Brentwood bombshell

At a meeting of Hollywood and progressive supporters in her West L.A. home, Arianna Huffington gets ready to run for governor. Her goal: Take Sacramento and shake Washington.

Jul 29, 2003 | It's not official yet, but she's off and running. That was the message at Arianna Huffington's home in posh Brentwood, Calif., on Sunday afternoon, where several dozen political activists and advisors gathered to hear the author and Salon columnist make her case for jumping into the race to recall California Gov. Gray Davis. The only thing that would keep Huffington out of what is shaping up as an electoral free-for-all would be the sudden entry of a major Democratic rival to Davis -- and Sen. Dianne Feinstein, the only likely such 800-pound gorilla, is still rejecting entreaties to rescue the party from the rapidly melting Davis.

"If Feinstein runs, I won't," Huffington told the Sunday gathering. "This campaign is to win, not to be a spoiler and hand the state over to the Republicans."

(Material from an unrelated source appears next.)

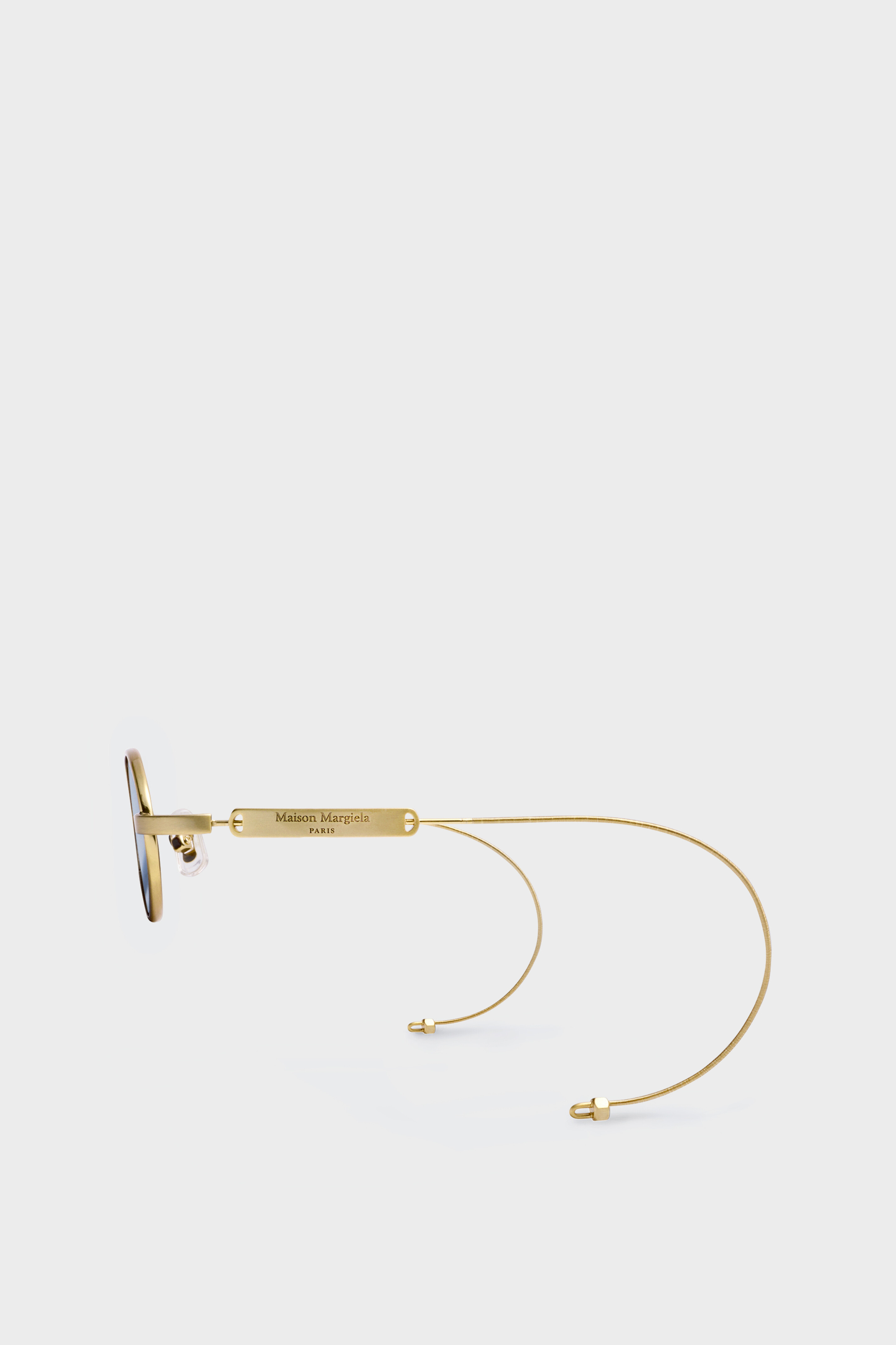 Gold Oval Sunglasses | Maison Margiela x Gentle Monster​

This is the burning question for California progressives as they contemplate a Huffington run: Will it wind up as a horrible replay of November 2000, with the populist columnist cast in the Ralph Nader role, handing a crucial victory to the GOP? Bill Zimmerman, the veteran California campaign strategist who has agreed to manage Huffington's race, says no. Zimmerman points out that under the rules of the Oct. 7 recall election, voters can cast their ballot against the recall initiative and still vote for an alternative to Davis on the same ballot in case the recall wins. If Davis, whose approval rating languishes around 20 percent, continues to fade in the polls -- and a new internal poll by the California teachers union reportedly shows him sinking fast, with a recall winning by a 57-43 margin -- it would be "irresponsible not to have a progressive alternative on the ballot," Huffington said on Sunday.

With her high media profile and access to money, Huffington's backers say she's the only progressive candidate who could mount a challenge to big-spending Republicans. If Arnold Schwarzenegger decides to take a starring role in the race -- and on Monday he denied reports that he was out, although his camp apparently told one national newspaper he was "leaning strongly against" running -- he would likely crush any lightweight rivals in his path. Huffington, who would run as an independent, might be the only candidate who could stand between him and the governor's mansion, her supporters argue.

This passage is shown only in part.